Comune di San Felice Circeo

san-felice-circeo-accesso-piazza-comuneLa commissione liquidatrice del comune di San Felice Circeo ha detto no, la Asl non sarà ammessa alla massa passiva dell’Ente che com’è noto è in dissesto. Ma di cosa si tratta? La Asl aveva presentato istanza di ammissione alla massa in relazione ad un servizio svolto nel 2011 e nel 2012. Tuttavia sarebbero due i motivi per cui la commissione non sembra essere intenzionata a fare uscire un centesimo. Il primo è che si tratterebbe di catture effettuate su richiesta di privati, il secondo è che qualcosa non tornerebbe con la conta dei microchip.
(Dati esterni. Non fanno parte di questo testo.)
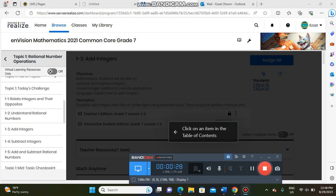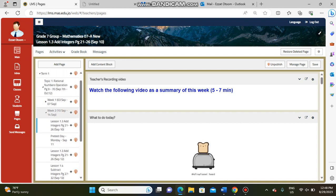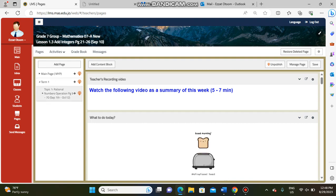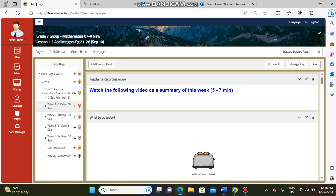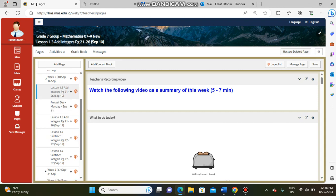Let me show you how to open this. We have Term One — if you open Term One you will find Topic One: Rational Numbers Operations. Then open Week Two and you will find one lesson for each day. Sunday, 10 September, we will study add integers.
Un problema questo, che potrebbe chiamare in causa anche altri soggetti. “Gli interventi per i quali viene richiesto il rimborso – si legge infatti nell’atto con cui la commissione liquidatrice esprime il diniego – consistenti in in prestazioni sanitarie effettuate su animali randagi accalappiati dal competente servizio della Ausl, presso soggetti privati rientrano tra le competenze attribuite ai servizi veterinari delle aziende Ausl per le quali non si ritiene sussista obbligo di rimborso da parte del Comune”. Poi, in un altro passaggio si fa riferimento alla  relazione del responsabile del settore servizi alla comunità in cui si evidenzierebbe un altro aspetto ovvero alla “mancata corrispondenza fra i cani per i quali viene chiesto il rimborso e quelli ricoverati nei canili convenzionati con il comune in base alle verifiche effettuate sui microchips”. Una grana questa che il Comune andrà probabilmente ad approfondire.